The shard key and any columns used in the expression must be indexed for multi-head egress to work properly. There is an implicit index for a primary key, so an explicit column index is not required when the primary key is the shard key.

Examples

The following is a Python API code block that demonstrates the use of the background RecordRetriever for retrieving data.

h_db = gpudb.GPUdb(encoding = 'BINARY', host = '127.0.0.1', port = '9191')

table = gpudb.GPUdbTable(None, 'stocks', db = h_db, use_multihead_io = True)

# Ensure a column index exists on the sharded column
if 'Symbol' not in table.show_table()['additional_info'][0]['attribute_indexes']:
    table.alter_table(action = 'create_index', value = 'Symbol')

# Get stock records for S&P
table.get_records_by_key(key_values = {'Symbol':'SPGI'})

Multi-Head Ingest

To fully utilize multi-head ingest, the ingestion process should use a multi-node parallel processing framework, such as MapReduce, Storm, or Spark. As data is divided up and flows through the processing nodes, a Kinetica BulkIngest / GPUdbIngestor object can be instantiated in each node to push data to the proper Kinetica cluster node. This greatly increases the speed of ingestion by both parallelizing the ingestion process and spreading the network traffic across multiple nodes. All the functionality for this is encapsulated into the BulkInserter object.

Example

The following is a Java API code block that demonstrates the use of the BulkInserter for ingesting data.

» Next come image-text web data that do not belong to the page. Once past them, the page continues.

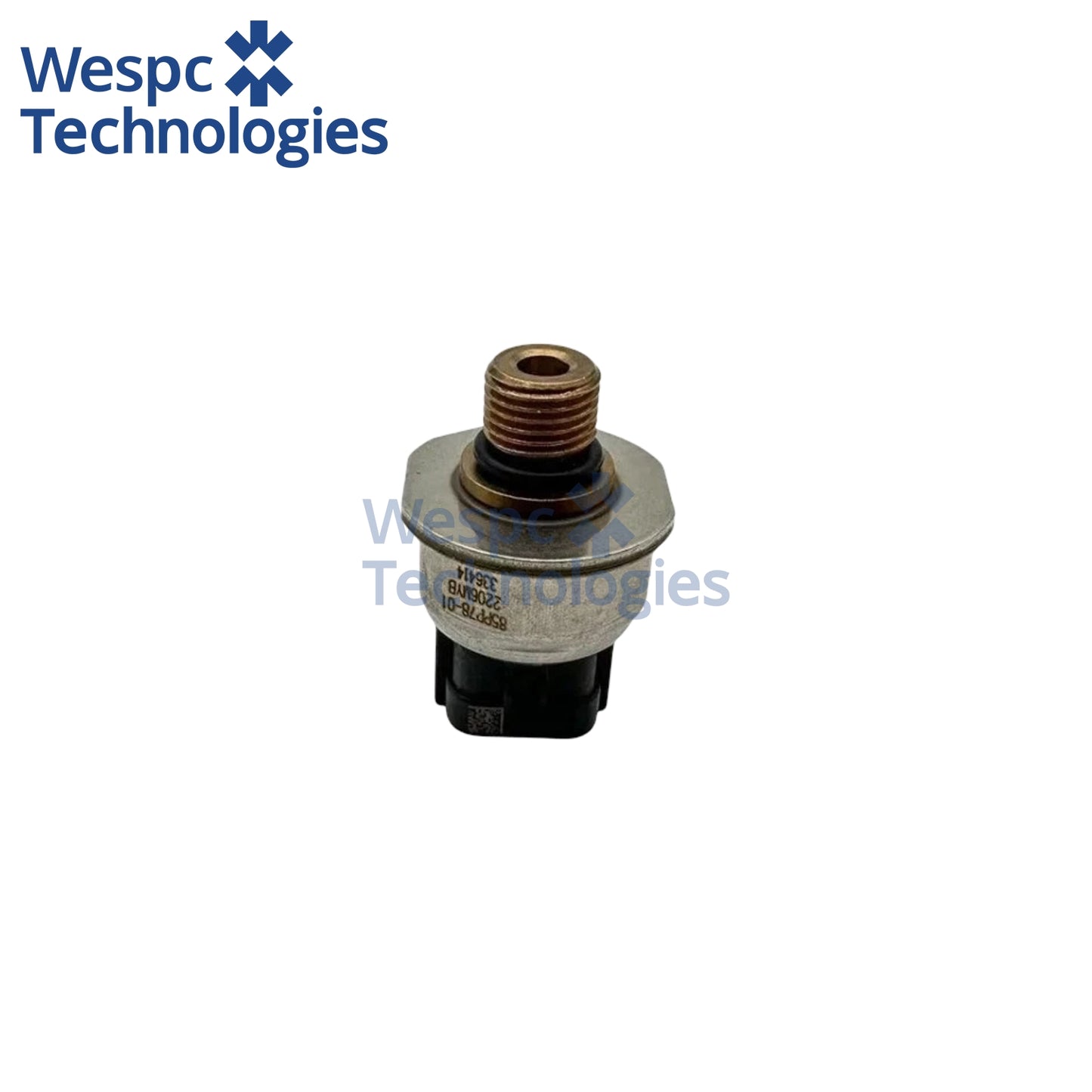 85PP78-01 Fuel Pressure Sensor For Doosan DX340 DX225 210LC 225LCA CAT Excavator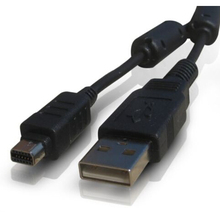 USB 2.0 PC Data Cable/Cord/Lead for Olympus camera Tough TG-4 X-960 2024 - buy cheap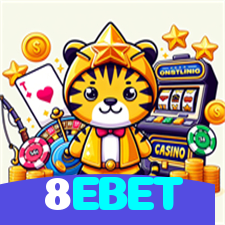 8EBET:Jogue nas slots e mude sua sorte com grandes vitórias!
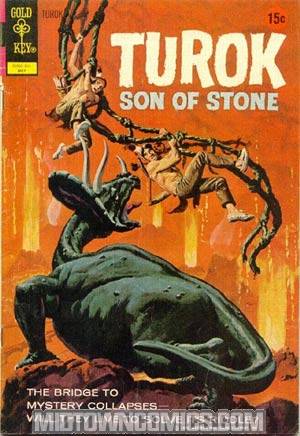 Turok Son Of Stone #78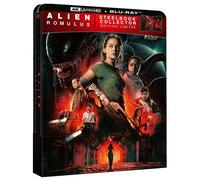 Alien : Romulus Édition Collector Limitée SteelBook® Blu-ray 4K Ultra HD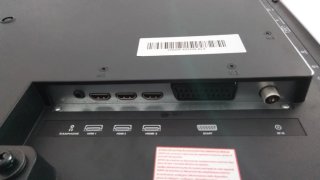 Tv 39 pulgadas 3hdmi ascao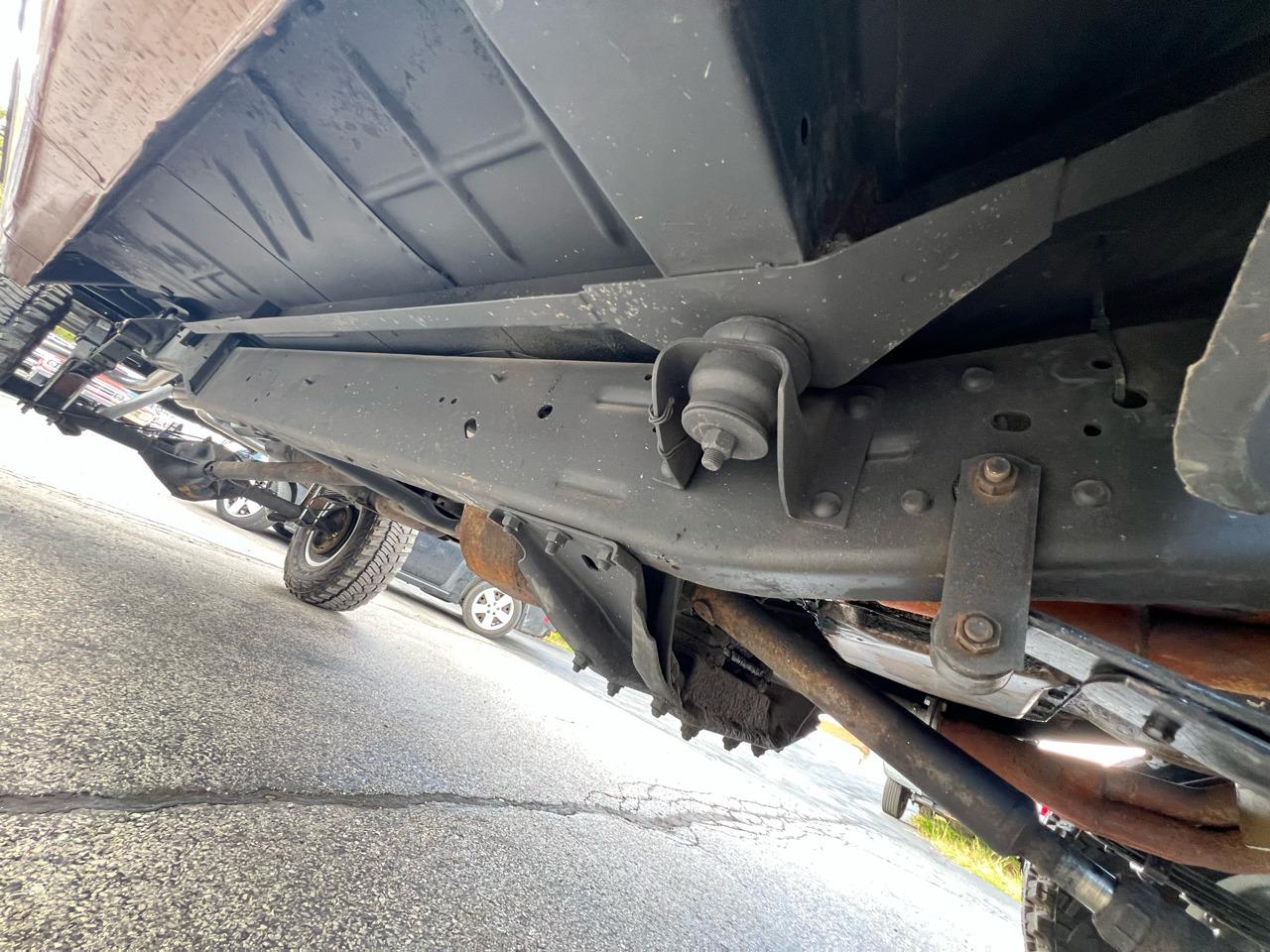 1985 Dodge Pickup W350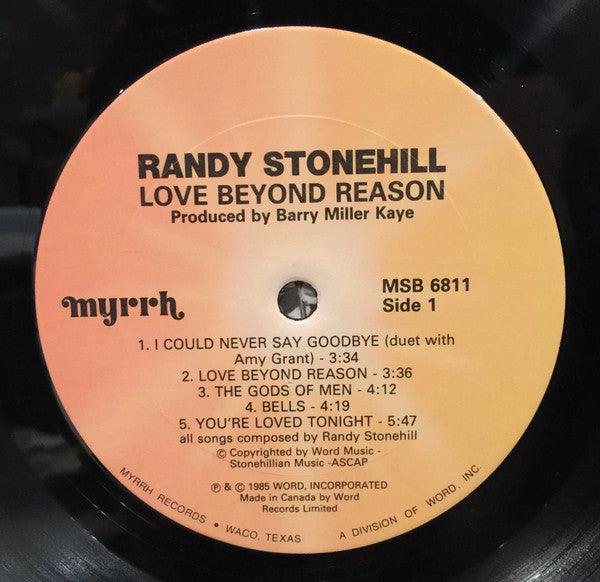 Randy Stonehill - Love Beyond Reason - Quarantunes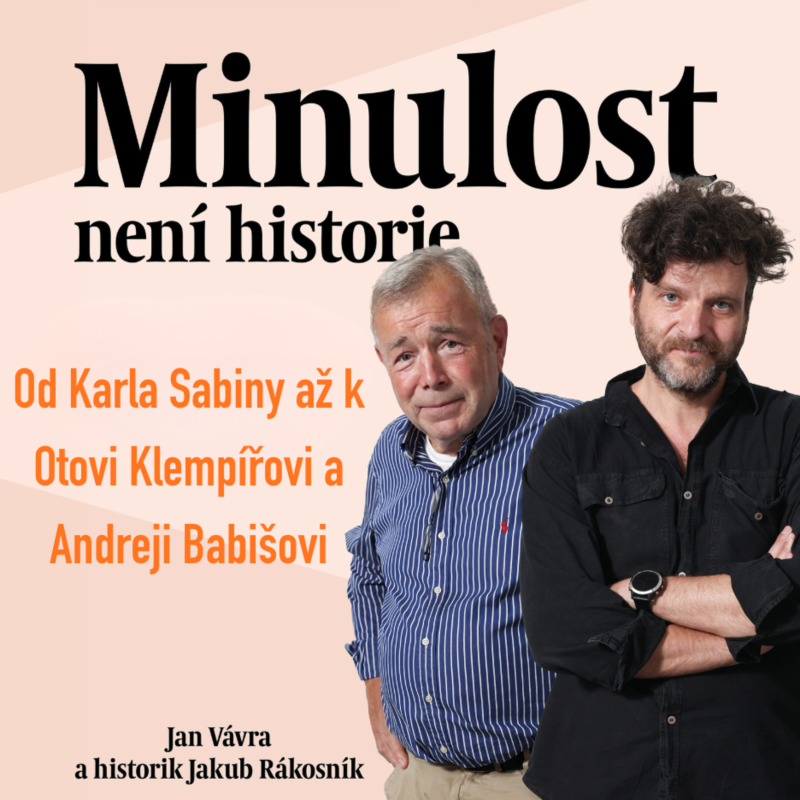 Obrázek epizody Od Karla Sabiny až k Otovi Klempířovi a Andreji Babišovi
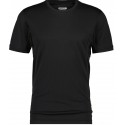 Tee Shirt homme Confort Nexus protection UV 140 g Dassy noir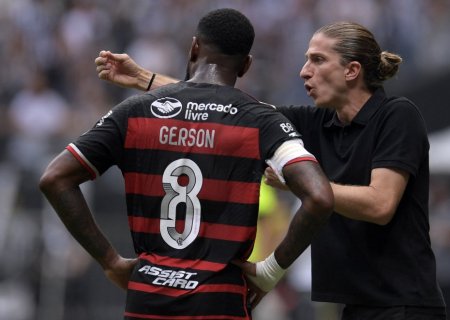Flamengo e Gerson acertam detalhes e ficam perto de acordo por renovação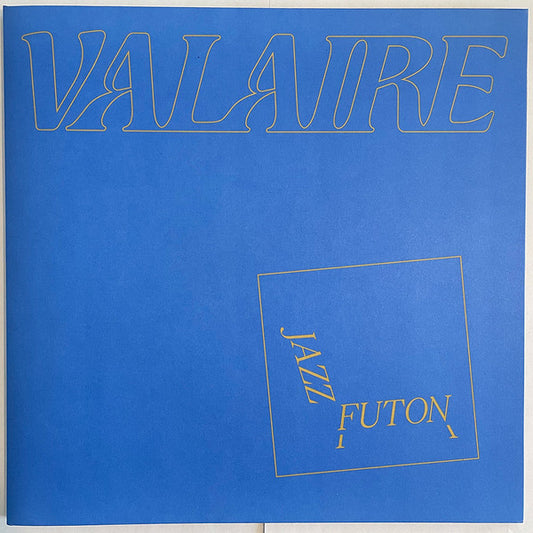 Valaire ‎– Jazz Futon (Vinyle neuf)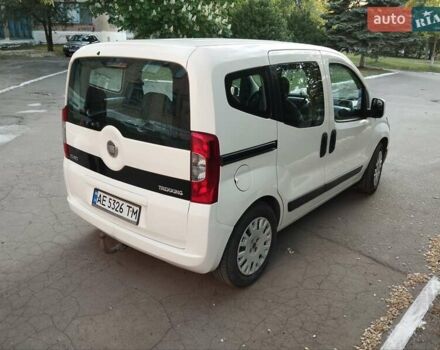 Белый Фиат Fiorino, объемом двигателя 1.3 л и пробегом 200 тыс. км за 5400 $, фото 5 на Automoto.ua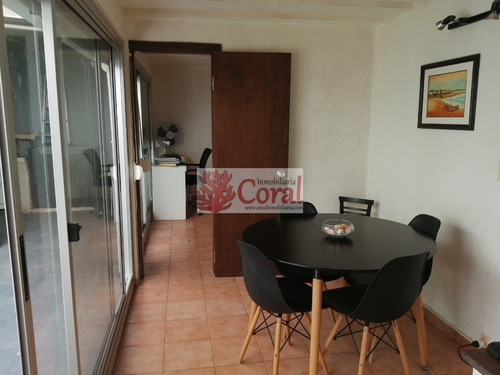 Apto Plaza Gomensoro Próximo Rambla Pb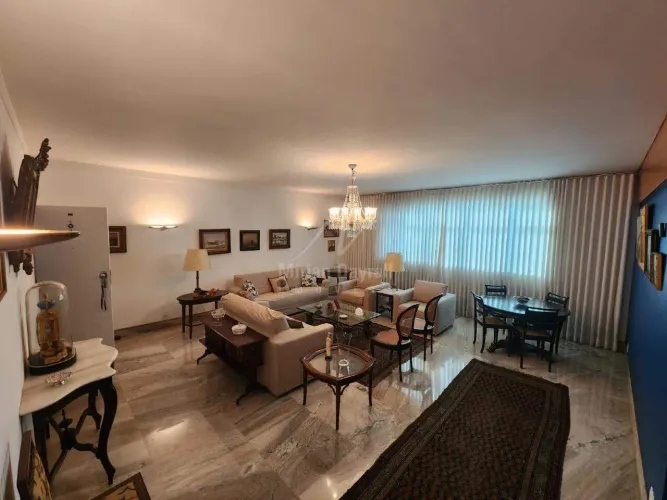 (34528) para aluguel - Apartamento com 3 quartos, 2 vagas, no Centro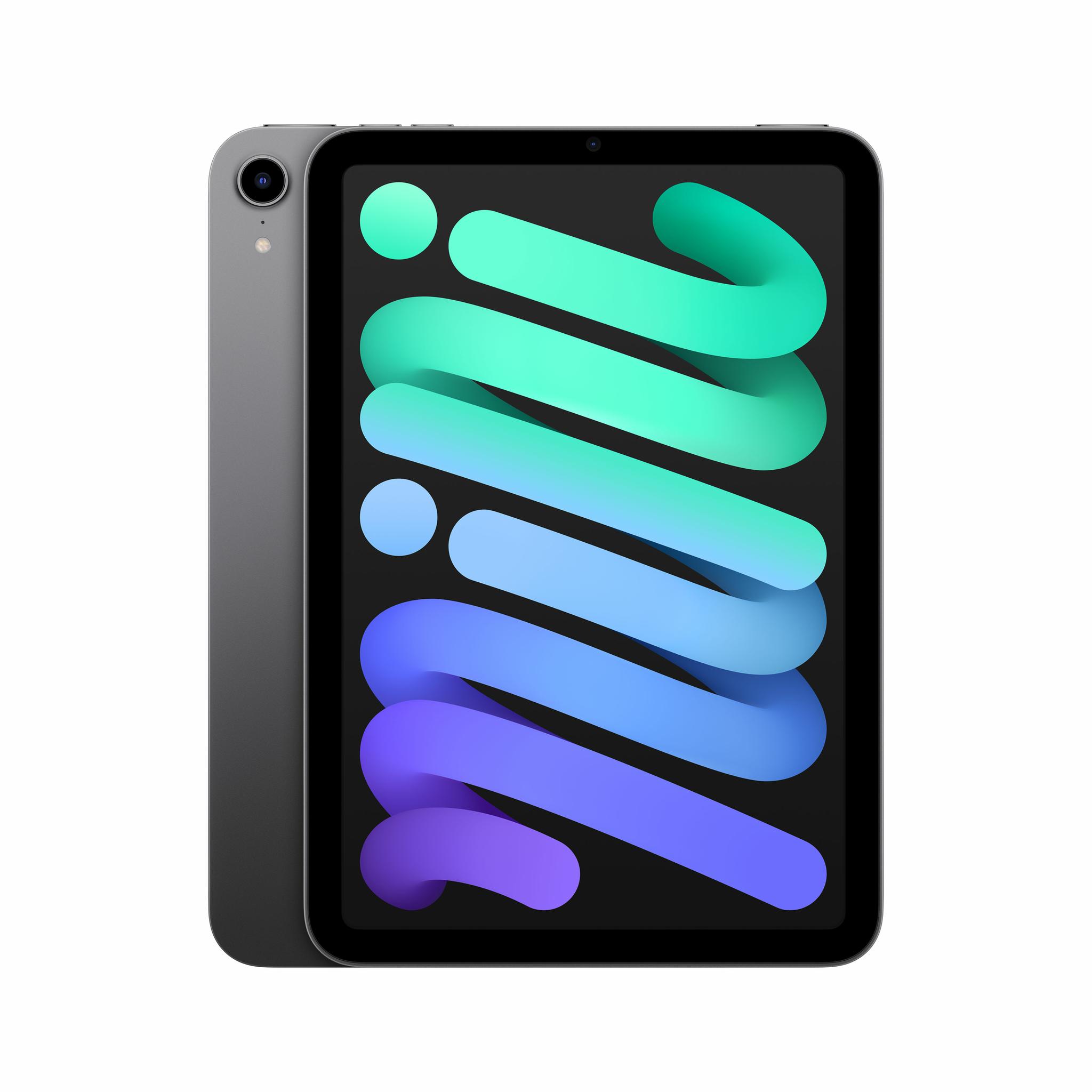 Planšetė Apple iPad mini Wi-Fi 64GB Kosminė pilka, 6th Gen (2021)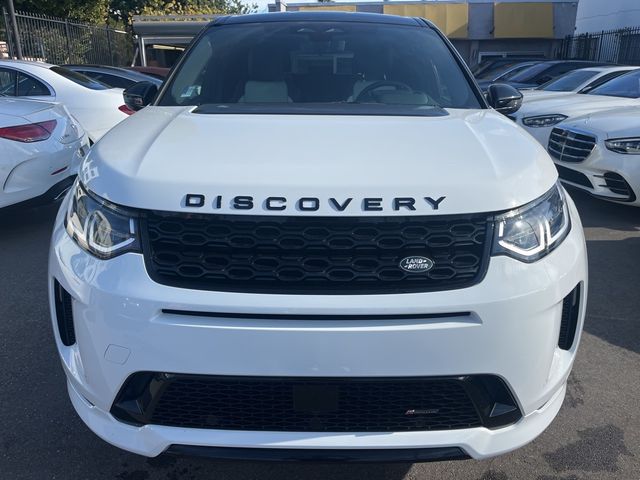 2022 Land Rover Discovery Sport S R-Dynamic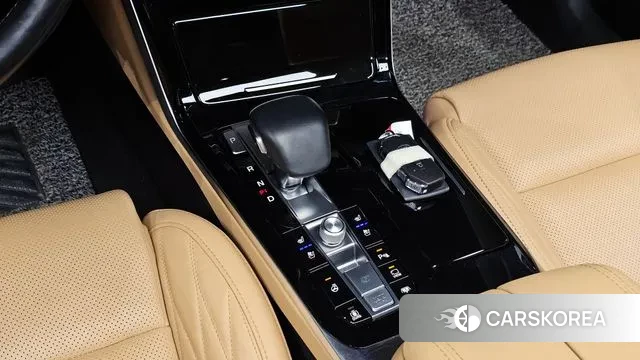 Kia K7 Premier id 3439635 из Кореи 19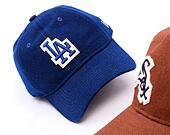 Kšiltovka New Era - 9TWENTY MLB Melton - LA Dodgers - Navy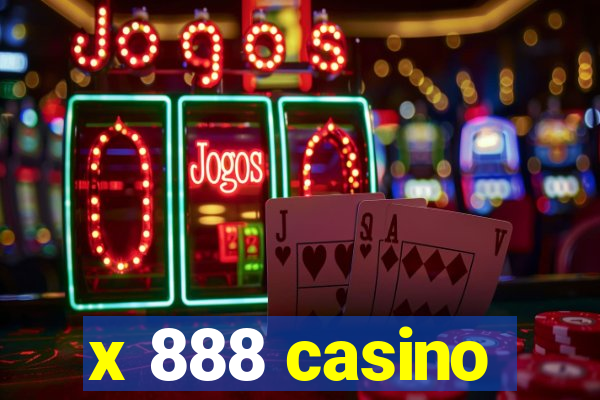 x 888 casino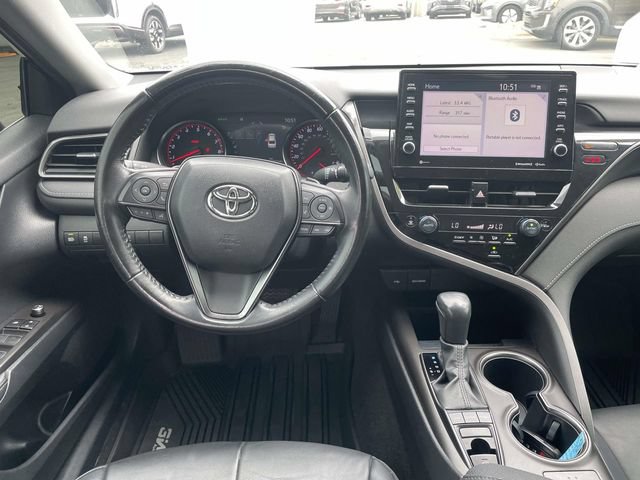 Used 2023 Toyota Camry XSE FWD image 11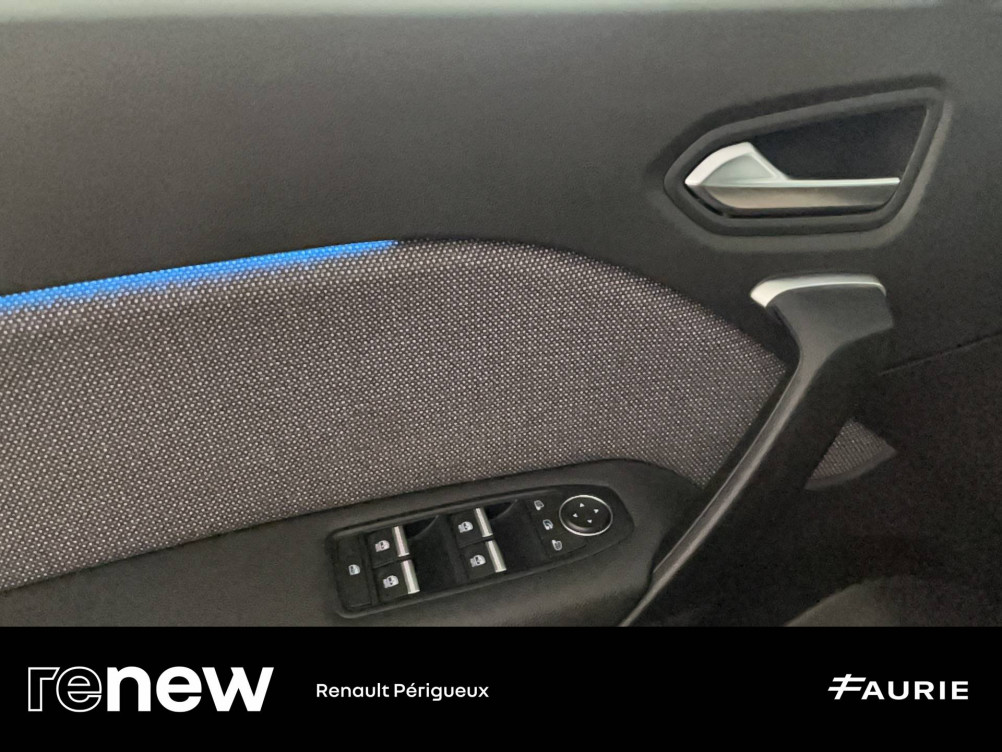 Acheter Renault Captur 2 Captur Eco-G 100 ch Techno 5p occasion dans les concessions du Groupe Faurie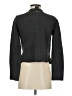Armani Exchange Black Faux Fur Jacket Size S - photo 2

// Create a bulk inserter for batch data ingestion
BulkInserter<MyType> bulkInserter = new BulkInserter<MyType>(gpudb, tableName, type, batchSize, null);

// Generate data to be inserted into the table, automatically inserting
// records whenever the batchSize limit is reached
for (int i = 0; i < numRecords; i++)
{
    MyType record = new MyType();
    record.put( 0, (i + 0.1) ); // col1
    record.put( 1, ("string " + String.valueOf( i ) ) ); // col2
    record.put( 2, "Group 1" );  // group_id
    bulkInserter.insert( record );
}

// To ensure all records are inserted, flush the bulk inserter object.
bulkInserter.flush();

Python Background Multihead

In the Python API, if you've created a GPUdbTable object for the table, you can use the built-in use_multihead_io parameter to have the GPUdbTable interface handle all Ingestor and RecordRetriever interactions in the background:

my_table_obj = gpudb.GPUdbTable(_type=my_columns, name="my_test_table", db=h_db, use_multihead_io=True)

Cautions

  • If using the Java API and MapReduce, there is a conflict between the version of Avro used by Kinetica and the one used by MapReduce. This conflict can be overcome by using the Maven shade plug-in with the relocation tag:
<relocation>
  <pattern>org.apache.avro</pattern>
  <shadedPattern>org.shaded.apache.avro</shadedPattern>
</relocation>